Before starting a run, use the Clear button to clear out data accumulated from setting up or from a previous run.

Use the Open file ... button to save to a file. Data will be continuously saved to the file, including all data after the "Clear" button was pressed. (If you press the Clear button while a file is open, only the plot is cleared, but all data is still saved.) At the end of the run, Close the file, so that no more data is saved.

The data will be tab-delimited and can be read into Matlab with the load command. The data will be in 3 columns of time, temperature, and fluorescence signal.

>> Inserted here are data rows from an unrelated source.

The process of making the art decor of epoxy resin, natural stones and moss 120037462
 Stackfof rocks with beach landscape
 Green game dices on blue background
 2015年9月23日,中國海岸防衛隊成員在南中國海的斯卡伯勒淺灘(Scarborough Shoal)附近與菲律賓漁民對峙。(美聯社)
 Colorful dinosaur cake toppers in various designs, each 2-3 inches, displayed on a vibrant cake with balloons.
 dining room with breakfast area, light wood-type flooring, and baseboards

Troubleshooting: If there is a data acquisition error, for example, "Data acquisition cannot start!", it may be the DAQ device is not working. Try physically disconnecting the USB cable from the DAQ box and then reconnecting it. The X-series devices (blue and silver boxes) have on/off switches: make sure it is on or toggle the power off and on. If that fails, open the Measurement and Automation Explorer ("MAX"), open the Devices and Interfaces drop-down on the left side, and make sure there is only one "NI USB-6xxx" entry and that it is called "Dev1." Try to run the DNAMelter program again, and/or close it, re-open it, and run it again. If this does not work, consult an Instructor.

Options:

Clicking on the icon in the upper-left corner or pressing Alt-space will bring up the system menu. The system menu contains options for showing the about box, and for saving/loading the current configuration.